Lamperti wrote several books on singing, but his best-known work, A Treatise on the Art of Singing (1877), was translated into English.

“Ah is the father of vowels.” — Francesco Lamperti

His many students included Salvatore Patti and Caterina Barilli, Adelina Patti's parents, and Adelina's sister, Clotilde. He also taught Edith Abell, Emma Albani, Alboni, Aldigheri, Alvary, Angeleri, Mrs. Hugh Angier, Aramburo, Désirée Artot, Albert Bach, Albert Bach, Adèle Laeis Baldwin, Lillie Berg, Wanda von Bogdani, Vilma Bognár-Balász, Herman Brag, George Cathcart Bronson, Friedrich Caliga-Reh, Campanini, Luisa Cappiani, Cravelli, Derevis, Lena Doria Devine, Julie Dumont-Suvanny, Ignacy Dygas, José Echeverria, Carlotta Elliot, Camille Everaldi, José Ferenczy, Franz Ferenczy, Hjalmar Frey, Daniel Filleborn, Barrington Foote, Filip Forstén, Galassi, Jan Karol Gall, Galli, Gayarre, Mary A. B. Girard, Hope Glenn, Joseph Pasquale Goldberg, Gaston L. Gottschalk, Anna Caroline de la Grange, Marie Grass, Carlotta Grossi, Friederike Grün, Helene Hastreiter, Minni Hauk, Helena Herman, Julius Hey, Cornélia Hollósy-Lonovicz, Louis-Alphonse Holtzhem, Mieczyslaw Horowski, Agnes Huntington, Juliani (Jules Ropiquet), Klementine Kalasovà, Paul Kalisch, Benno Koebke, Albert Konewka, Thorwald Lammers, Giovanni Battista Lamperti, Isidore de Lara (Cohen), Durward Lely, Ludwika Lesniewska, Sophie Lowe, Justyna Rafaela Machwic, Mariani, Frances Roena Medini, Jane Meyerheim, Wladyslaw Miller, Angelic Moro, Alfredo Mutel, Nachbauer, Naudin, Oscar Niemann, Bernard Noeldechen, Agalja Orgeni, George L. Osgood, Melita Otto-Alvsleben, Trifari Paganini, Palmermi, Angela Peralti Castera, Perotti, Isabel Reddick, Albin R. Reed, Sim Reeves, Theodor Reichmann, Risarelli, Adolf Robinson, Mila Rodani, Franziska Rummel, E. Rung, Wally Schauseil, Anna Eugénie Schoen-René, Edward Scovel, Albert P. Shack, William Shakespeare, William W. Shaw, Melvin Singer, Elisa Stefanini-Donzelli, Leopoldo Stiatesi, Stolz, Francis Stuart, Hortense Synnerberg, Emilia Taliana, Tavary, Herbert Thorndyke, Emma Thursby, Ortolani Tiberini, Giulia Valda (Julia Wheelock), Malvina Walden, Antonin Vávra, Vialletti, Waldmann, Susanna Weber-Bell, Mary Weiner, Charles Willeby, Herbert Witherspoon, Woeldechen, Walery Wysocki, Marie van Zandt, and Cornelia van Zanten.
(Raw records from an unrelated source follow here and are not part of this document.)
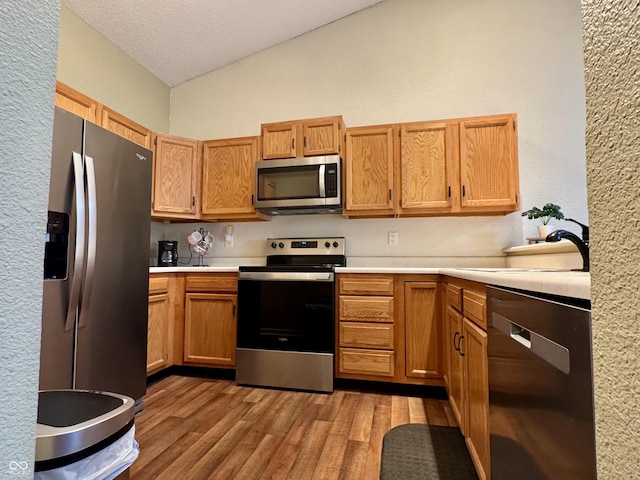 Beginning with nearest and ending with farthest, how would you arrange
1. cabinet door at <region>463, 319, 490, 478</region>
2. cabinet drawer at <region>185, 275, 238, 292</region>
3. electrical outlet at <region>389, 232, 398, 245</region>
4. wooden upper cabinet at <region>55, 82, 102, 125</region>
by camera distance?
cabinet door at <region>463, 319, 490, 478</region> → wooden upper cabinet at <region>55, 82, 102, 125</region> → cabinet drawer at <region>185, 275, 238, 292</region> → electrical outlet at <region>389, 232, 398, 245</region>

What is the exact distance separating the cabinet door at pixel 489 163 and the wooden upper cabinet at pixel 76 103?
2.67 metres

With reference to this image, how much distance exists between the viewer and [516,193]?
8.27 feet

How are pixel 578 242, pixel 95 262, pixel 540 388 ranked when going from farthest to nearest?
pixel 95 262 < pixel 578 242 < pixel 540 388

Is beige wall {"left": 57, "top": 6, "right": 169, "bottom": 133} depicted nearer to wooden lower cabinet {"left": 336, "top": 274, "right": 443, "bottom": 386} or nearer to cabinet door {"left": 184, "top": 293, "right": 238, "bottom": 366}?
cabinet door {"left": 184, "top": 293, "right": 238, "bottom": 366}

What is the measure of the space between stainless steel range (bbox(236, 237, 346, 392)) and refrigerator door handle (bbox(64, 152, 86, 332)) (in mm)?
1160

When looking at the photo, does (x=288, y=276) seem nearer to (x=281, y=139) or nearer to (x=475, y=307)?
(x=281, y=139)

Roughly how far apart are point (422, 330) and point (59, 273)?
6.84 feet

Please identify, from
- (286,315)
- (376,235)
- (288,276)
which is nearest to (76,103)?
(288,276)

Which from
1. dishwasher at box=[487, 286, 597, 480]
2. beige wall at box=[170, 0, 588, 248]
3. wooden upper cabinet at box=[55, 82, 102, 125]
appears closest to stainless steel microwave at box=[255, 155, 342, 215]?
beige wall at box=[170, 0, 588, 248]

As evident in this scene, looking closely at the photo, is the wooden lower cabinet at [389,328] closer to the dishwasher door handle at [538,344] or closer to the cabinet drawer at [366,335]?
the cabinet drawer at [366,335]

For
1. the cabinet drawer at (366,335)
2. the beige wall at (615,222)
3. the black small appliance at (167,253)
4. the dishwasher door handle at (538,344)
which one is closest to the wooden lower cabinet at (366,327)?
the cabinet drawer at (366,335)

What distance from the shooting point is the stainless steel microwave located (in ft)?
8.90

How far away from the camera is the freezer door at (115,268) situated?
1.62m

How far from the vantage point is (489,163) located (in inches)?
101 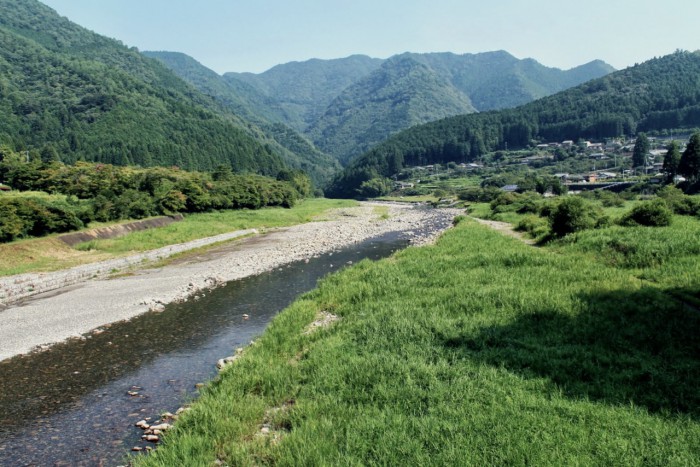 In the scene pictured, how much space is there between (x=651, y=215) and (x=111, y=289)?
3677 centimetres

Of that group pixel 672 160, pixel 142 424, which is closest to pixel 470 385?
pixel 142 424

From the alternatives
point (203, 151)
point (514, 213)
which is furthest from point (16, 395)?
point (203, 151)

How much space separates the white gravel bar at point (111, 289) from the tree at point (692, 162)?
57.3 m

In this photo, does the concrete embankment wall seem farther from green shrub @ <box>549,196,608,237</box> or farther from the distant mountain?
the distant mountain

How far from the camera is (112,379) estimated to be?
14.3 m

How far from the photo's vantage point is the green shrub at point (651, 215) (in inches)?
1138

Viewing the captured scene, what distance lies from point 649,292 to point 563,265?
20.0 feet

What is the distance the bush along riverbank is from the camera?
770 cm

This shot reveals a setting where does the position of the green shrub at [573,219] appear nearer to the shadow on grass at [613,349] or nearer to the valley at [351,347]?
the valley at [351,347]

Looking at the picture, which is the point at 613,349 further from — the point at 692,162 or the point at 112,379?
the point at 692,162

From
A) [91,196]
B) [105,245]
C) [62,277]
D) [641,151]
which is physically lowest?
[641,151]

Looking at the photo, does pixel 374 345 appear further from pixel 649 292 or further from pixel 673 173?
pixel 673 173


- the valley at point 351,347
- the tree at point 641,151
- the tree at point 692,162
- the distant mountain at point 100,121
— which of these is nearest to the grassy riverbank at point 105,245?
the valley at point 351,347

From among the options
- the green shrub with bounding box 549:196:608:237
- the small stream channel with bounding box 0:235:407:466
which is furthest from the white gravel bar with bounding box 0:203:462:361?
the green shrub with bounding box 549:196:608:237
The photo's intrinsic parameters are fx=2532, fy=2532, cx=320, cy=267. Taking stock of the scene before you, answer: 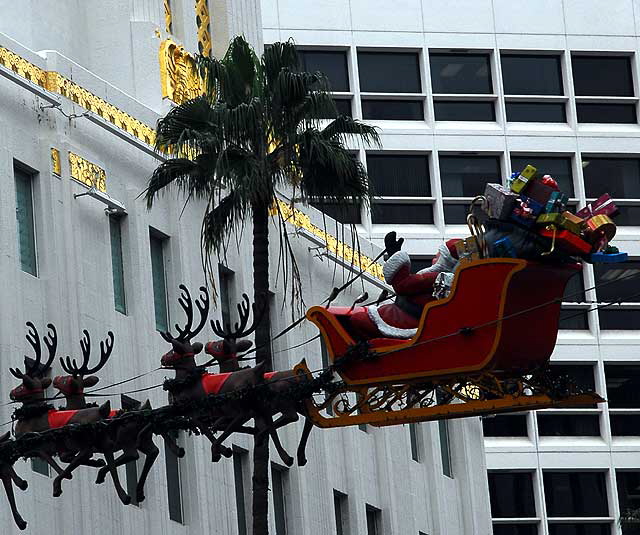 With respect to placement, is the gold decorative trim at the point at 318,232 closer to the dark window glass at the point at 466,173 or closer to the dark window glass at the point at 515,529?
the dark window glass at the point at 515,529


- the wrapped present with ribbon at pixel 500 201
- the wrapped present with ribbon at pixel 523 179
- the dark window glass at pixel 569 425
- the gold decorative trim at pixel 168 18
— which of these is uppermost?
the gold decorative trim at pixel 168 18

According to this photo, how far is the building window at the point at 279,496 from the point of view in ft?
169

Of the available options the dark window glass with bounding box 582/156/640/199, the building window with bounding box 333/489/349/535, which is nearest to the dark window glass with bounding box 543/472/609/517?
the dark window glass with bounding box 582/156/640/199

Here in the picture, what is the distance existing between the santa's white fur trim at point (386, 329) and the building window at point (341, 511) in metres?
26.2

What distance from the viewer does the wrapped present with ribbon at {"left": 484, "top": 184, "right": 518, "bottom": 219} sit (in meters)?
27.8

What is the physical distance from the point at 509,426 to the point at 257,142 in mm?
36070

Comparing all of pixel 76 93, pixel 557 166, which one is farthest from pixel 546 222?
pixel 557 166

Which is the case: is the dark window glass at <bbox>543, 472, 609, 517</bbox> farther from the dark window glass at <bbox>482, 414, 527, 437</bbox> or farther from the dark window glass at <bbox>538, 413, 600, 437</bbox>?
the dark window glass at <bbox>482, 414, 527, 437</bbox>

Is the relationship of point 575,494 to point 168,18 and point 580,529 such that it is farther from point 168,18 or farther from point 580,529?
point 168,18

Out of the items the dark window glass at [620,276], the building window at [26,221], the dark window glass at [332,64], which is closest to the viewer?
the building window at [26,221]

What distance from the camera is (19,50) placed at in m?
44.4

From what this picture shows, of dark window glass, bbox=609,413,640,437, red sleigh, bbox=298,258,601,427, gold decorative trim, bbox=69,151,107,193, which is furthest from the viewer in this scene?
dark window glass, bbox=609,413,640,437

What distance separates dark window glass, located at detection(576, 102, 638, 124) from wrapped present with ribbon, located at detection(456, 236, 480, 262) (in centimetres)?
5720

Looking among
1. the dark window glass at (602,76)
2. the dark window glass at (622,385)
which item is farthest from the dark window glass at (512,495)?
the dark window glass at (602,76) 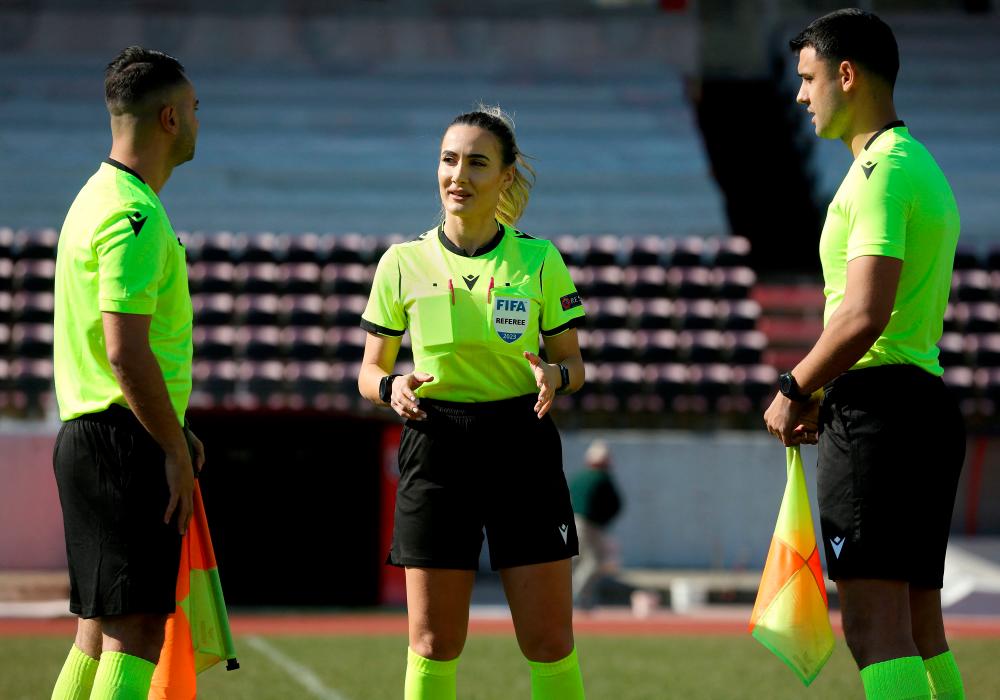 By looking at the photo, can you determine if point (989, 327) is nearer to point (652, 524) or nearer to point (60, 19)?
point (652, 524)

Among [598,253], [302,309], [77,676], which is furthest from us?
[598,253]

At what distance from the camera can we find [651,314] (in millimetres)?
15602

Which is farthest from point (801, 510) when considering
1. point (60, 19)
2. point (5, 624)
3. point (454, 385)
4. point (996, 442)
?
point (60, 19)

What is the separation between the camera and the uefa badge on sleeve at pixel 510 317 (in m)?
3.88

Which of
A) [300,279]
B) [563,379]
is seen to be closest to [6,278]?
[300,279]

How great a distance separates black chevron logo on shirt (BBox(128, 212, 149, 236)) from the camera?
3648 millimetres

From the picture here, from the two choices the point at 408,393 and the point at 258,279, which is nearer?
the point at 408,393

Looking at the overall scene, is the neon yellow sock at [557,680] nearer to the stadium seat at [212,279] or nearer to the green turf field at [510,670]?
the green turf field at [510,670]

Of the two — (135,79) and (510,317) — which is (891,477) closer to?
(510,317)

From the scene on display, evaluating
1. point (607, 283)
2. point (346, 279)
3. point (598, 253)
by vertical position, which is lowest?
point (607, 283)

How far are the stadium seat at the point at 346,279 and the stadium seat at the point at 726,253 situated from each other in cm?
404

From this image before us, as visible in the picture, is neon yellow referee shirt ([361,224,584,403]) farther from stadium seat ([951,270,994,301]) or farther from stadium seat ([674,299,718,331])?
stadium seat ([951,270,994,301])

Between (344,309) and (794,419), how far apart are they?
11.8 meters

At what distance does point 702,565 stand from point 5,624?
701 centimetres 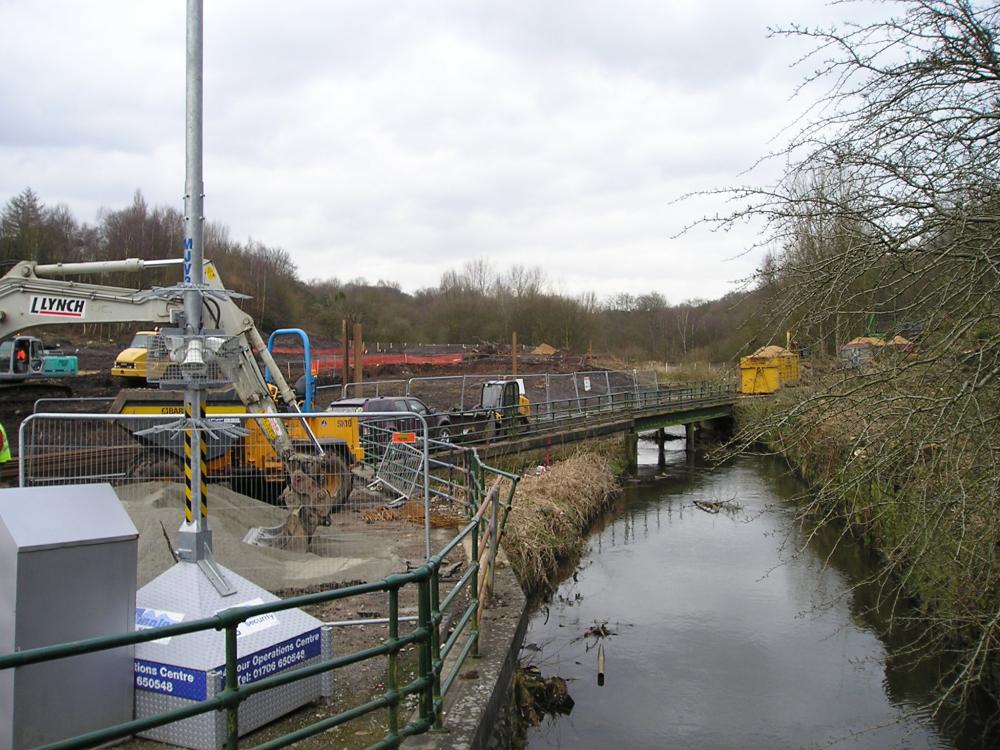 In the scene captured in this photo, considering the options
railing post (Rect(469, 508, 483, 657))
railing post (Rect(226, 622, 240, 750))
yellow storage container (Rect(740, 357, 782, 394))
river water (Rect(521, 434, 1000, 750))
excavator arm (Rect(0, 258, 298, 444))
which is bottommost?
river water (Rect(521, 434, 1000, 750))

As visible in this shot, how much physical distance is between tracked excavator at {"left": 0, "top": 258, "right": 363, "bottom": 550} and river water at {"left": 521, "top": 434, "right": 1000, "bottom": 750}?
10.9 feet

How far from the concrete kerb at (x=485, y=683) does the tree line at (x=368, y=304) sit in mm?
39229

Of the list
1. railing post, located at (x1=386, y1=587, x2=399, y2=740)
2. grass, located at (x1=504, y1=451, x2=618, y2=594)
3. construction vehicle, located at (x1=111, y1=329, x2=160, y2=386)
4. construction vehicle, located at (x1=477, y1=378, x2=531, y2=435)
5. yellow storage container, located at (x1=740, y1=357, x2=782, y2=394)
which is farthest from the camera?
yellow storage container, located at (x1=740, y1=357, x2=782, y2=394)

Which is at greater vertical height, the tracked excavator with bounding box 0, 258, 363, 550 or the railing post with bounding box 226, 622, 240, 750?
the tracked excavator with bounding box 0, 258, 363, 550

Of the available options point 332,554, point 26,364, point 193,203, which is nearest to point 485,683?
point 332,554

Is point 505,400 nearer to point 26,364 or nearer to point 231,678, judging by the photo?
point 26,364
PAULINE VIARDOT-GARCÍA (1821-1910) was the youngest child of the Romantic tenor and vocal pedagogue Manuel García I (1875-1832), who died when she was eleven.

Viardot-Garcia’s sister was the legendary mezzo-soprano Maria Malibran, and her brother Manuel García II was the 19th century’s most famous vocal pedagogue. He considered Viardot-García “the real genius of the family.” She spoke nine languages fluently without an accent.

Viardot-García originally wanted to become a concert pianist and studied with Franz Liszt before turning her attention towards the voice at the insistence of her mother Maria-Joaquína García-Sitchez (1780-1854), who became her teacher.

“A teacher can only help you a little. In the end, you must do it yourself.” — Pauline Viardot-Garcia

With an extended range like her sister Maria, Viardot-García was a mezzo-soprano who also sang soprano repertoire. Renowned for her prodigious vocal technique and dramatic interpretation, Viardot-García created the role of Fidés in Meyerbeer’s Le prophéte and revived the role of Orpheus in Gluck’s Orfeo e Euridice in which she appeared 150 times. A consummate artist, she was known to fellow musicians as The Oracle of Paris for her wise counsel.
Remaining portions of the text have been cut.